Les libéraux, sans parler des caquistes, ne doivent pas s'illusionner: ils feront face à un parti très fort. Un parti doté d'une organisation bien rodée, soudé par la foi en un idéal mobilisateur, et extrêmement homogène du point de vue ethnolinguistique - une caractéristique qui facilite les choses dans la mesure où la diversité amène inévitablement des tensions et la nécessité d'accommodements.

Parmi les 500 militants réunis au centre des congrès, il aurait fallu chercher pour dénicher des gens qui ne soient pas d'origine canadienne-française.

On n'a pas de statistiques là-dessus, mais à en juger par les visages et les accents, le PQ semble compter dans ses rangs militants moins de représentants de minorités que dans les décennies précédentes.

C'est d'ailleurs ce qui conférait un ton un peu surréaliste à la résolution qui interdira dorénavant aux députés et aux futurs candidats du parti de porter des signes religieux visibles. On se demande bien ce que cela va changer au portrait de famille!

Cette résolution n'a été contestée que par deux militants, qui ont plaidé en faveur de l'inclusion. Elle a été adoptée quasiment à l'unanimité (moins cinq ou six voix très isolées).

Le PQ est resté le parti studieux qu'il a toujours été - beaucoup de monde aux trois ateliers sur l'économie - mais il a subi une sorte de métamorphose idéologique.

Le pragmatisme économique naguère porté par les Parizeau, Bouchard et Landry a fait place au militantisme vert.

Les environnementalistes «purs et durs» ont remplacé l'ancienne aile gauche. Les observateurs qui prédisaient la rétrogradation de la ministre des Ressources naturelles, Martine Ouellet, qui n'a cessé de susciter la méfiance sinon l'hostilité de l'industrie, se sont trompés: Mme Ouellet a eu droit à une mention favorable dans le discours de la première ministre, laquelle s'est elle-même jointe, le lendemain, à l' «ovation debout» adressée par une salle unanime à la ministre militante, celle-là même dont le collègue Alain Dubuc écrivait récemment qu'elle a transformé son ministère «en groupuscule militant hostile au développement.»

Daniel Breton, l'autre écolo radical, quoiqu'exclu du cabinet, en mène aussi très large comme responsable de l'électrification des transports, de même qu'Yves-François Blanchet, le bouillant ministre de l'Environnement.
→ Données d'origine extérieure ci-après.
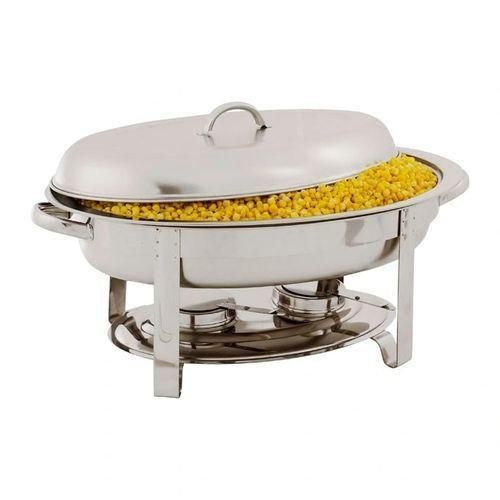 product_image_name-Generic-Oval Roll Top Chafing Dish Buffet Chafer Steam Food Warmer- Silver.-2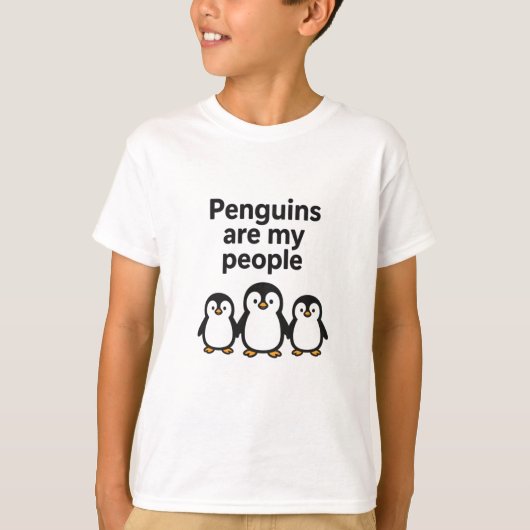 ペンギンは私の人々 - かわいいペンギンの家族デザイン Tシャツ (正面)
Les militants péquistes ont approuvé dans l'enthousiasme le projet de loi qui risque de compromettre l'exploration minière et le moratoire sur le gaz de schiste, condamné l'importation du pétrole albertain par oléoduc, et enjoint le gouvernement à adopter la ligne dure envers Alcoa, qui menace de fermer ses usines au Québec à cause de l'augmentation des tarifs d'électricité.

Un avis contredit le lendemain par Jacques Parizeau, qui recommande au gouvernement de «céder», compte tenu des changements intervenus dans le marché mondial de l'aluminium.

Le thème de ce conseil national portait sur la richesse du Québec, «un territoire riche en ressources», comme le disait Mme Marois dimanche. Fort bien, mais devant l'humeur actuelle des militants péquistes, un loustic pourrait se demander à quoi diable peuvent bien servir nos ressources naturelles, si l'on refuse mordicus de les développer!